Exactamente lo contrario es lo que predican desde el independentismo: la imposición de una República, olvidándose de que un movimiento de independencia no tiene legitimidad si no es aprobado por más del 75% de los ciudadanos. Cuando un territorio pretende autodeterminarse necesita tener la aprobación de la gran mayoría de la ciudadanía porque después hay que gobernar ese nuevo Estado y la imposición de una mitad a la contraria no hace más que generar situaciones que la historia nos ha demostrado que no terminan bien, al menos para el pueblo que es, al fin y al cabo, el que vierte la sangre en las calles.
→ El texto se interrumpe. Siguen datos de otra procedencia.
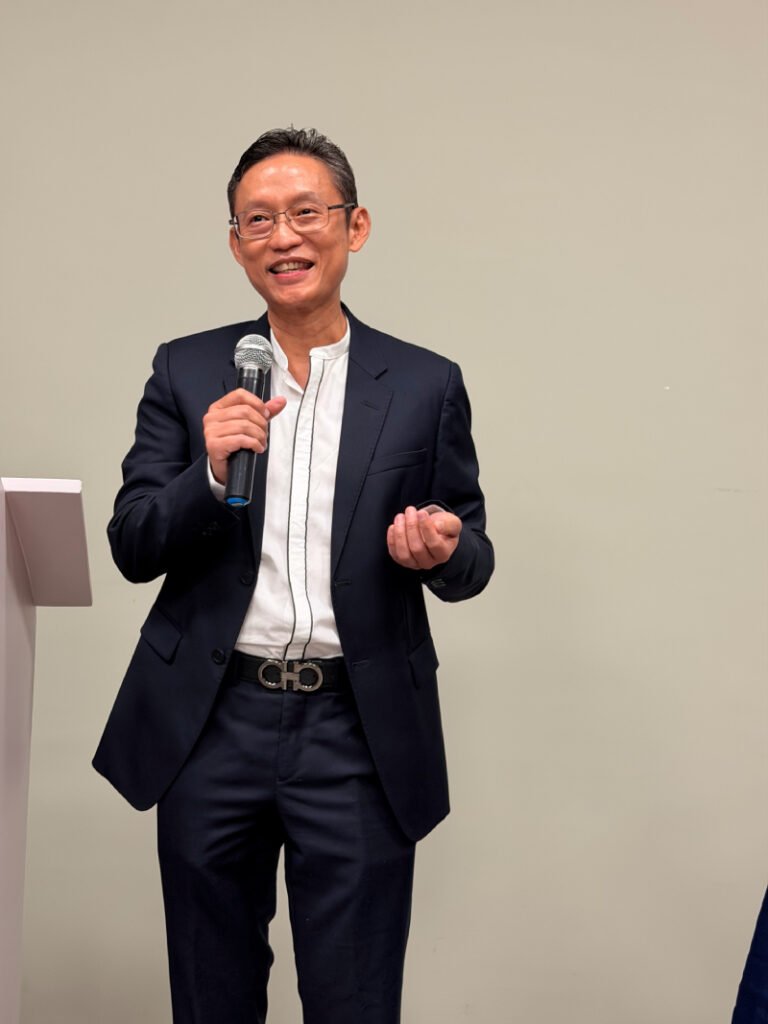 Guan Xin Ji by Dr. Tan A Book Launch Blending Cardiology, Art and Reflection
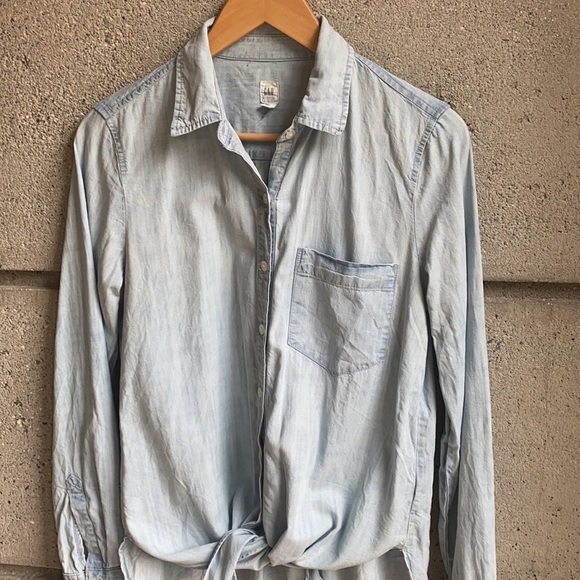 Gap Chambray Tie Front Button Up Shirt - Picture 3 of 9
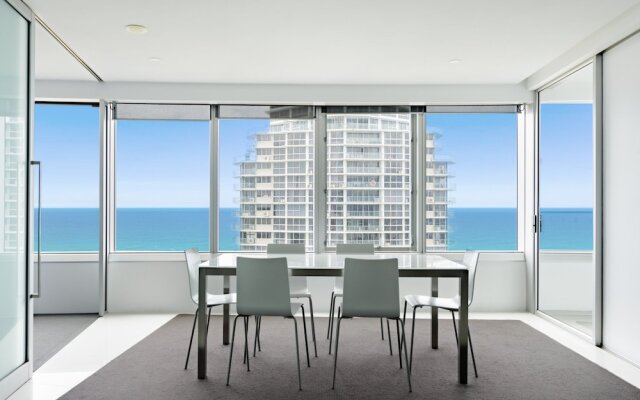 Private Luxe 3 BDR at Q Surfers Paradise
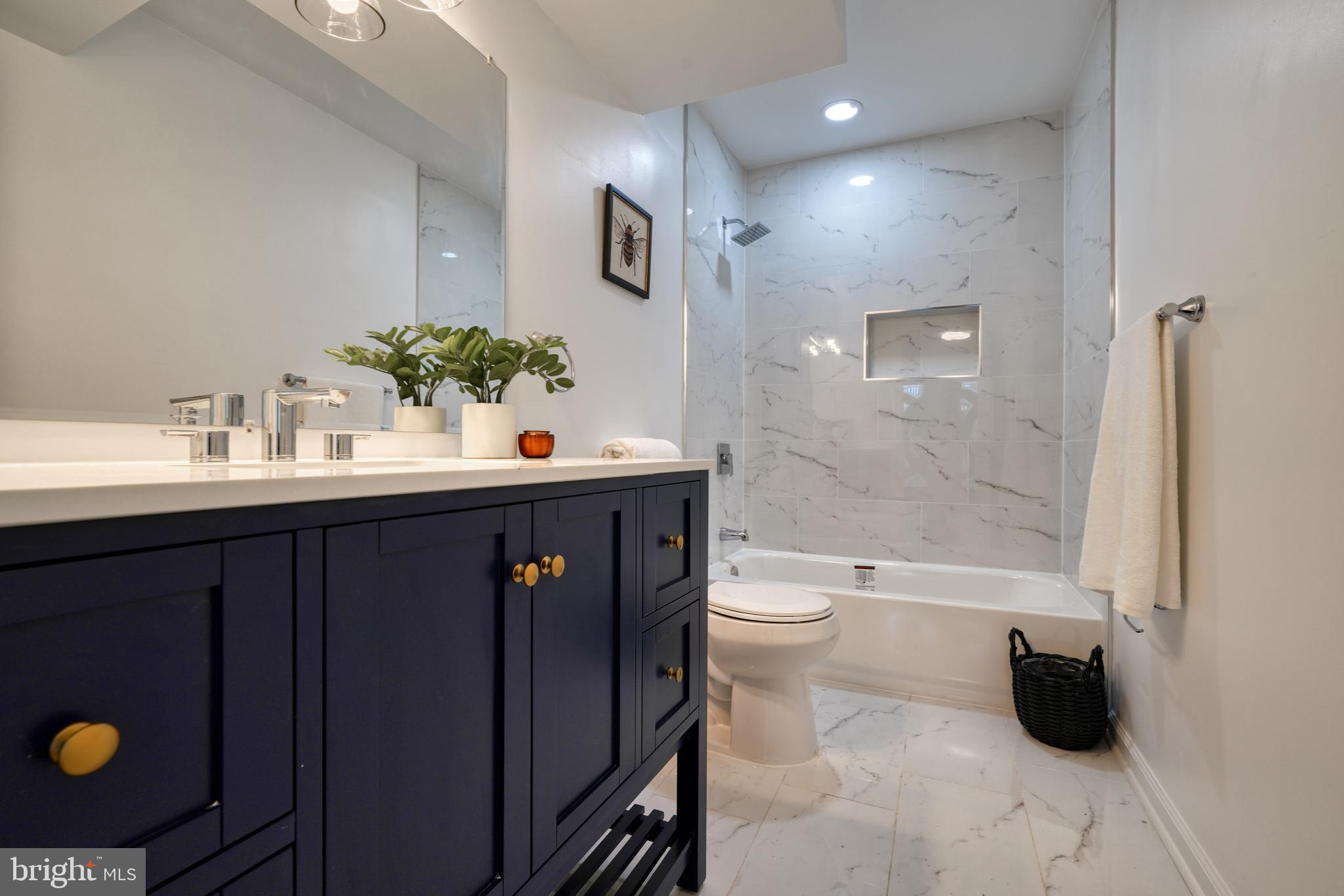 FORT WASHINGTON - Residential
Imponer, someter, humillar o conquistar no son términos sinónimos de democracia, más bien son antónimos. Por esta razón, ambos bandos están absolutamente enfrentados y sin atisbos de que se vayan a sentar en una mesa a dialogar para alcanzar un acuerdo tácito en el que, evidentemente, tanto los de un lado de la mesa como los del otro deben ceder.
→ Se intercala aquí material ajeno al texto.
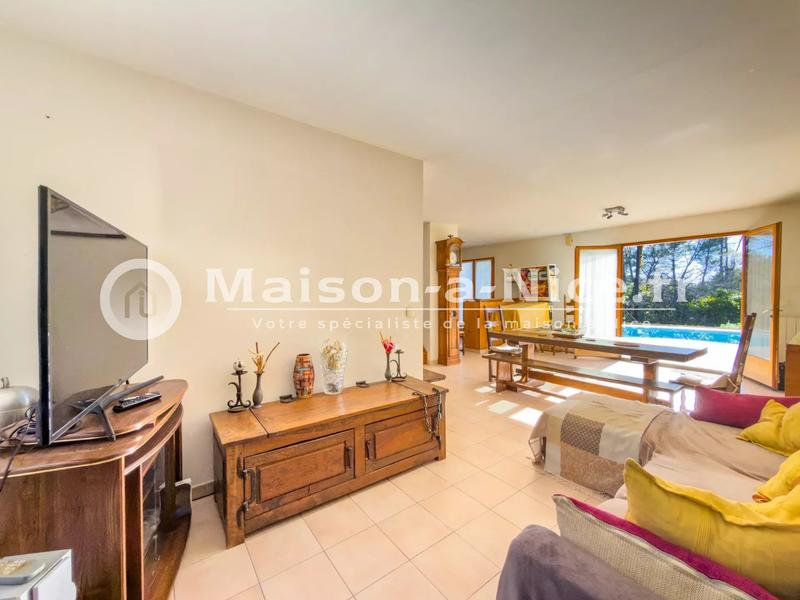 Maison - 171 m² - 6 pièces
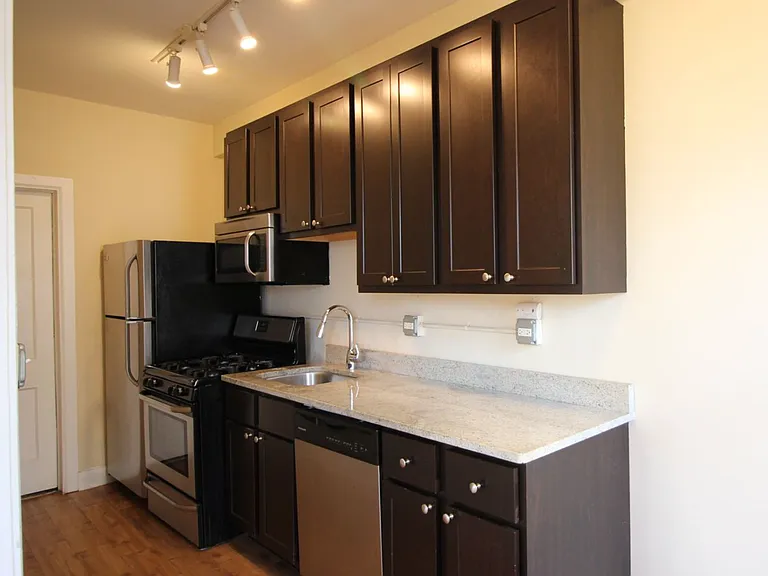 1206-10 W Granville Ave — Photo 2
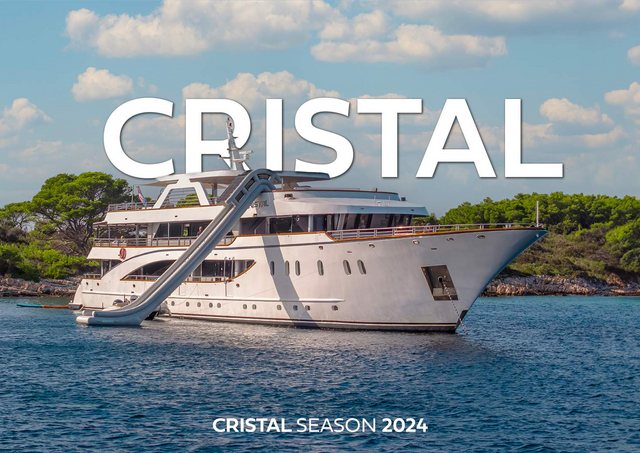 Download Cristal yacht brochure(PDF)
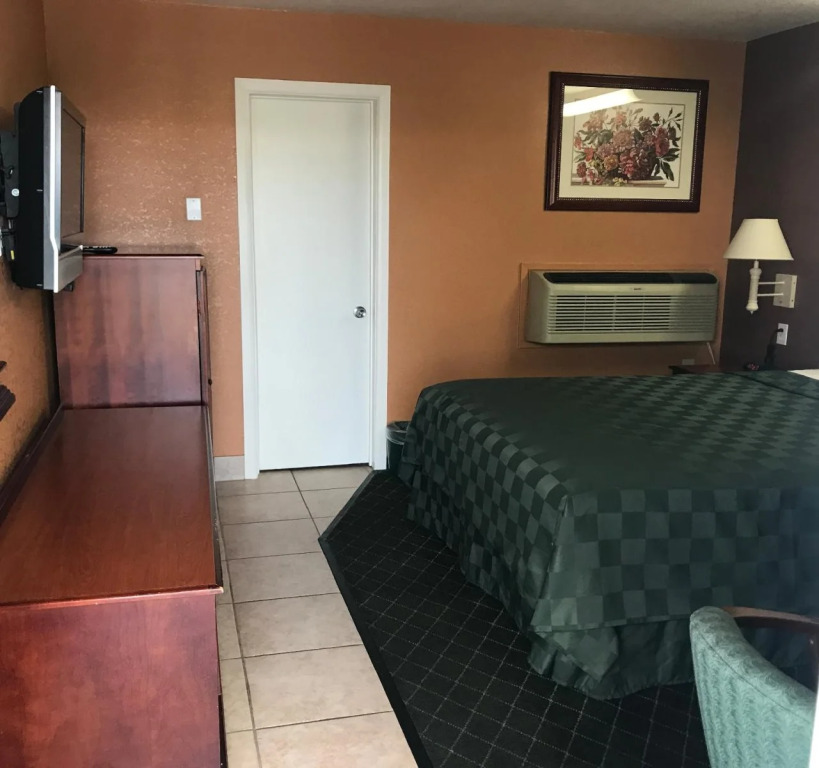New Corral Motel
Sin embargo, nadie se mueve de sus posiciones. En estas se produce una moción de censura en la que hay un cambio de gobierno. Pedro Sánchez, desde el primer momento, se encontró con una situación en la que, a pesar de buscar soluciones a través del diálogo, nadie parece que esté interesado. Eso sí, todos los golpes se los lleva él, como ocurre con la persona que intenta mediar en una pelea de bar. Los unionistas se envuelven en la bandera de España y le piden que solucione el problema catalán a través de la imposición, de la ejemplarización y de la violencia, acusándole, además, de ser cómplice del independentismo. Los independentistas, por su parte, se arropan con la estelada exigiendo a Sánchez que tome medidas que, con la ley vigente, serían ilegales y un presidente del Gobierno no puede cruzar esa línea roja.
¿Qué solución intenta dar? El diálogo. Sin embargo, cuando no hay intención de hablar, discutir o negociar, la solución se convierte en utopía. El patriotismo, precisamente, se demuestra con los hechos, no con las palabras o envolviéndose en un trapo de colores. No obstante, no hay patriotismo por parte de ninguno de los bandos. Sólo intereses.
La estrategia de Sánchez para Cataluña podrá ser acertada o equivocada, pero, al menos, intenta llevar adelante un proyecto basado en el diálogo que no le está reportando más que ataques cruzados de unionistas e independentistas que, precisamente, son los que, de momento, no han presentado más estrategia que la de la confrontación y el odio. Así no.